Monday, September 30, 2013

War and Peace Check-In: September

You guys!! We're getting there! Only three more months of reading War & Peace! Though, according to Goodreads we are only 73% of the way through I feel like we should be farther.

I mostly enjoyed this section minus the little bits where Tolstoy explained How History Works to us.

For some reason I laughed a lot. I laughed at Helene being delusional and thinking Pierre loved her a lot and only wanted what was best for her. I'm so jealous of Helene, tbh, because of this quote:

"Helene, on the contrary, like a truly great person who can do whatever she likes, at once placed herself in the position of being right, in which she sincerely believed, and all the others in the position of being wrong."

I WISH I COULD BE LIKE THAT! Also, it's good to know Tolstoy was well aware of friendzoning back in the day, lol:

" of those friends that brilliant women always have, male friends who can never pass into the category of lovers."

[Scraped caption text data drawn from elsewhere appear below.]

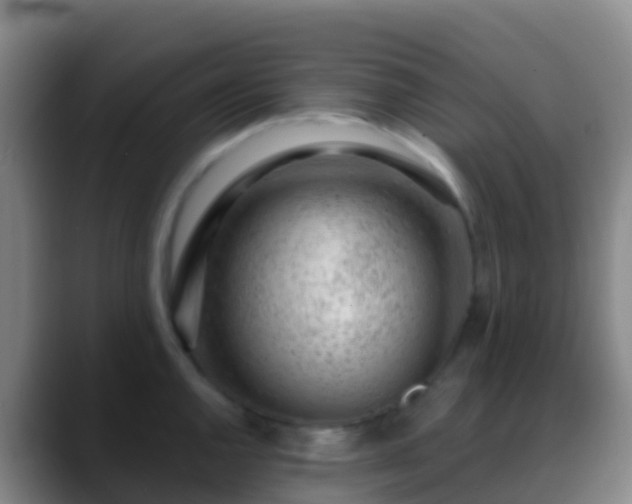 X0000088901144200706151843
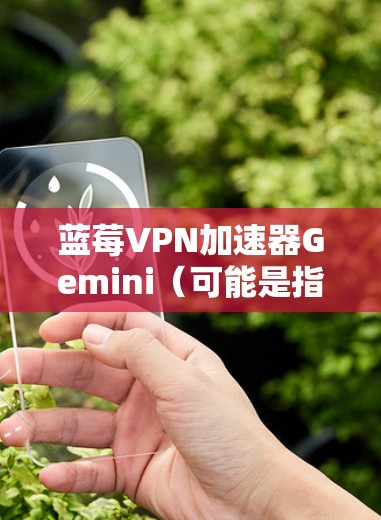 蓝莓VPN加速器Gemini（可能是指BlueVPN Gemini）是一款网络优化和加速工具，旨在提升网络连接的速度和稳定性。以下是关于它的一些详细信息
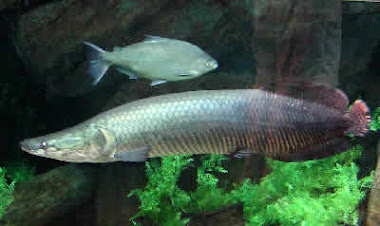 Ikan Arapaima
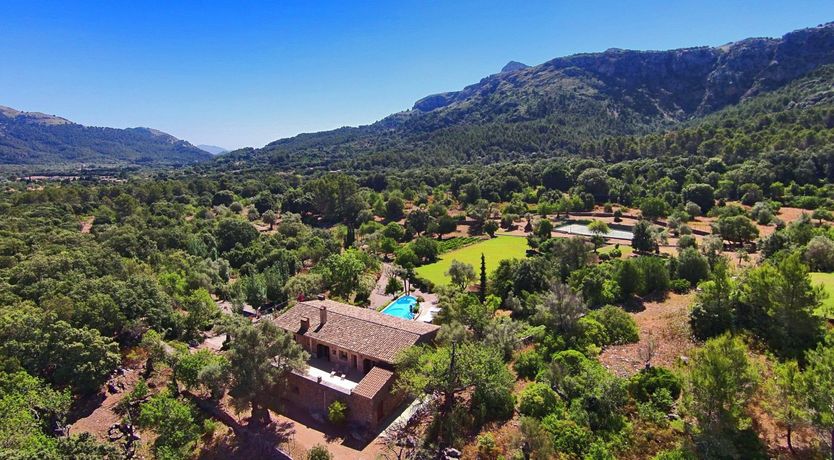 Photo of Meet Me in the Orange Grove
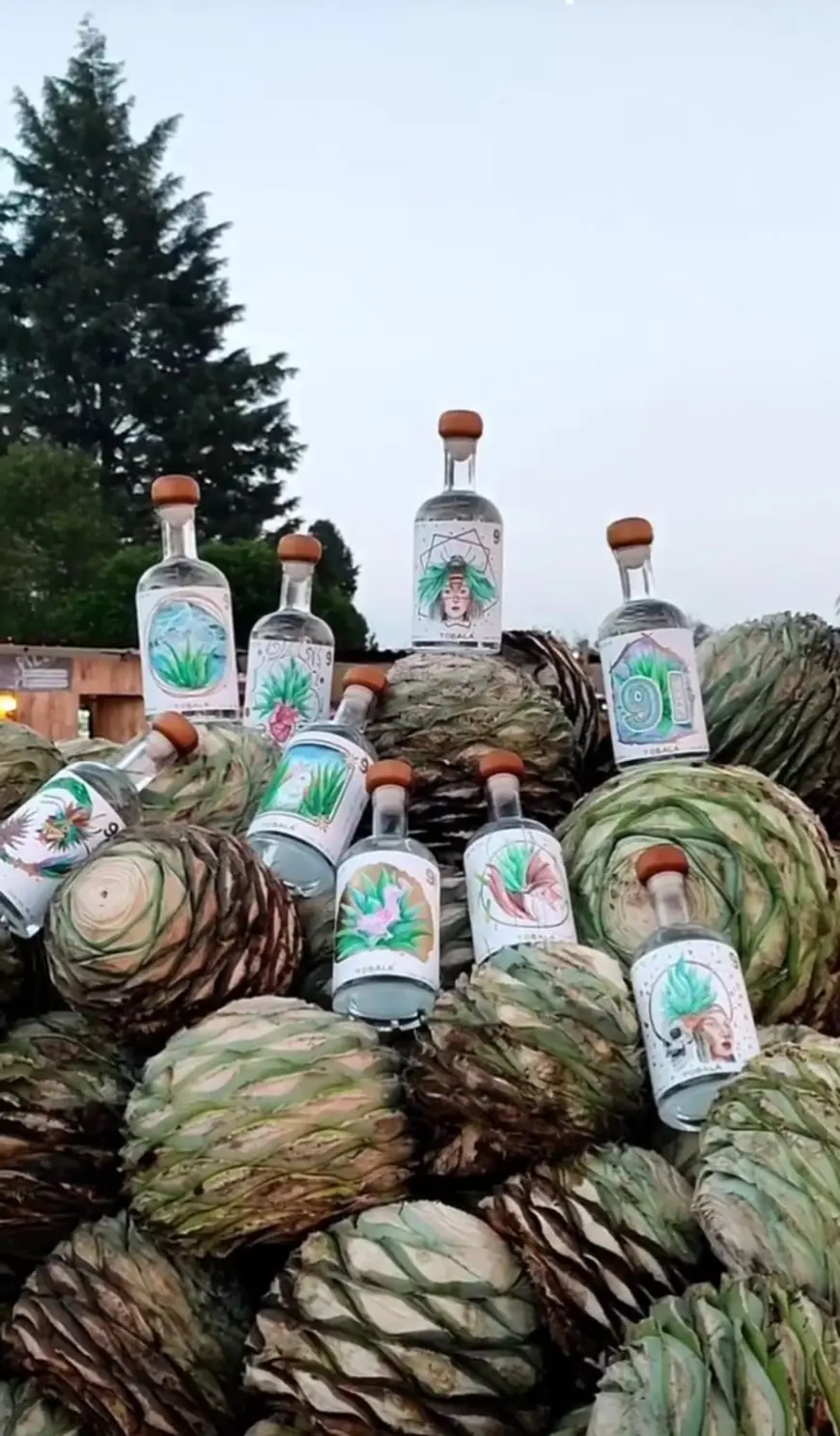 Conoce la Ruta del Mezcal en Puebla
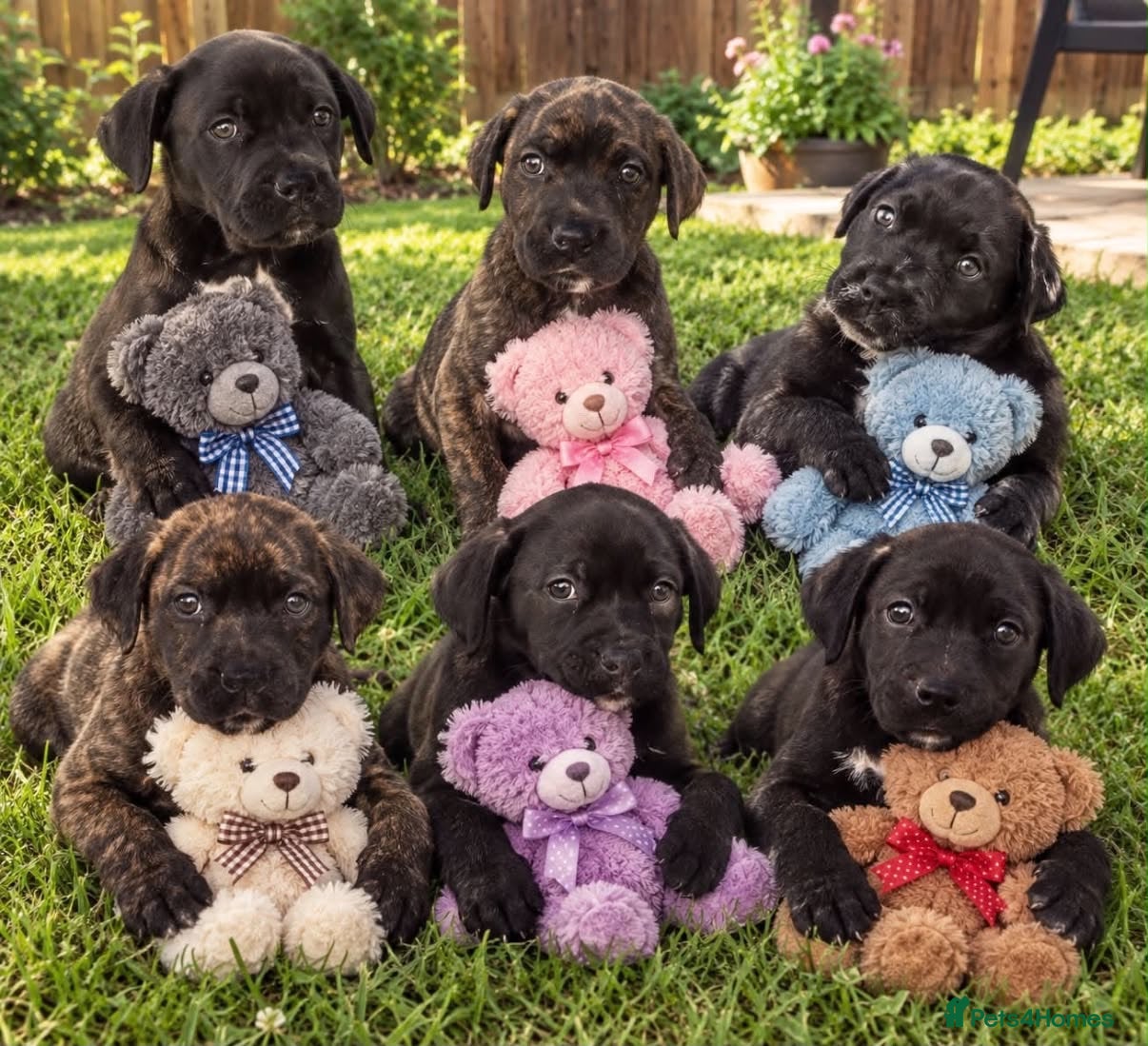 Cane Corso dogs Cane corso - Advert 2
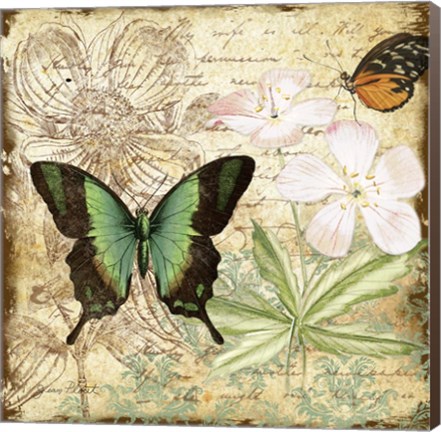 Framed Inspirational Butterflies - C Print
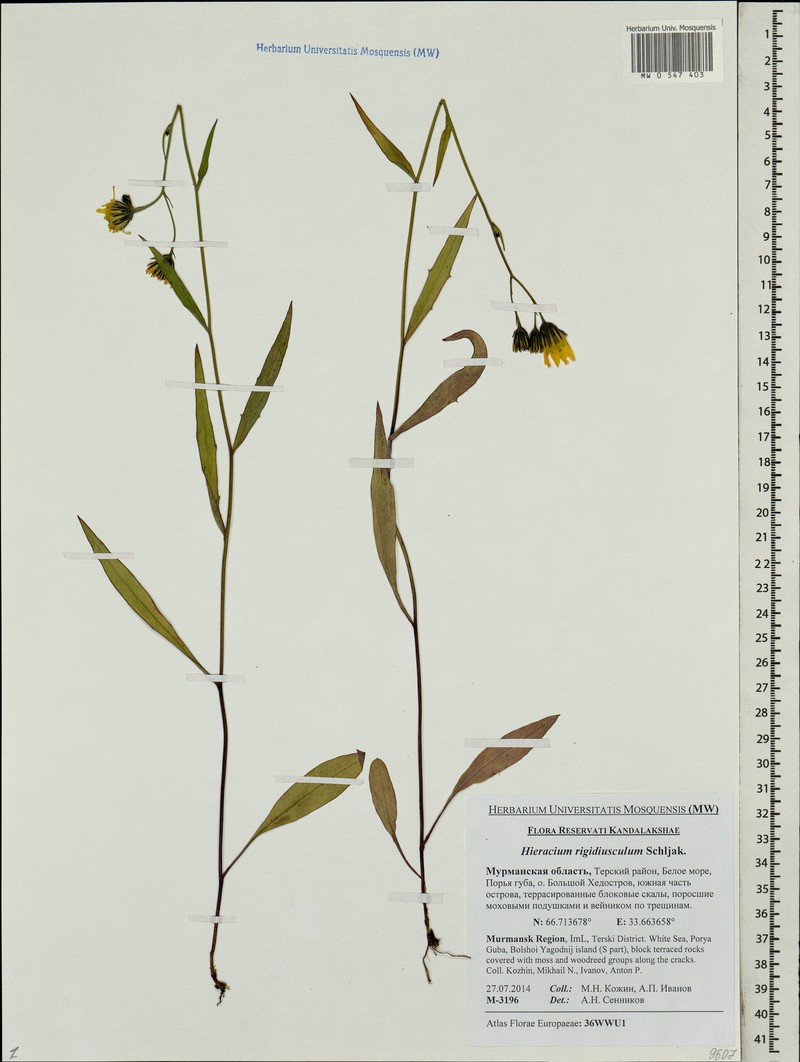 Hieracium linifolium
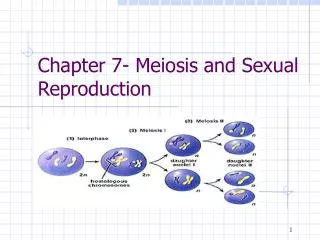 Chapter 7- Meiosis and Sexual Reproduction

It's so funny because it's like just a little detail in this fully imagined story but such a common trope in stories! Anyway, I guess I should feel sorry for Pierre, but mostly I just found Helene's story amusing.

Pierre continues to be a bit on the dull side, so I really have nothing to say about him, though I enjoyed this quote:

"But Pierre did not know that; entirely absorbed by what lay before him,, he suffered, as people suffer who stubbornly undertake something impossible--not because of its difficulty, but because of its unsuitability to their nature; he suffered from fear that he would weaken at the decisive moment and, as a result, would lose respect for himself."

The whole idea of Pierre killing Napoleon seemed really out of left field to me, but it's not like I can say I'm fully tracking with this book, I don't know.

Finally, Natasha is a master packer! The scene where Andrei is hoping to see her again and there she is! Is straight out of a movie!

Lol, finally I had a moment where I wondered if I was just super unknowledgeable (I actually sort of am when it comes to literature). Now that I've read Tolstoy, I've been starting to think about what author to tackle next and Faulkner was coming up on my radar. I've only ever read a short story in high school that I didn't like. (I still haven't decided, perhaps I should try Virginia Woolf again tbh! But for anyone interested, Melissa Marr had a rundown on Faulkner's books, lol) One of my friends mentioned that Faulkner loved War and Peace which I was just like...yeah literary greats liking other literary greats, whatever, but lol the line As I lay dying totally stuck out to me in this month's reading! Thankfully, though, upon a little investigation, it's actually taken from the literary great of all greats, The Odyssey. It was just one of those weird moments where I was like wow am I just really clueless? Yes but not in the way I thought I was.

War and Peace so far is such an odd book to me. Like, I really enjoy Tolstoy's ability to capture human nature and behavior, but on the other hand I do feel like I have no historical context for what's going on. It's all just a bit strange!

A few questions if you're so inclined:

1) How do you feel about Andrei and Natasha's reunion?
2) Any thoughts on Pierre or Queen Helene?
3) Any thoughts on the history/war stuff in general?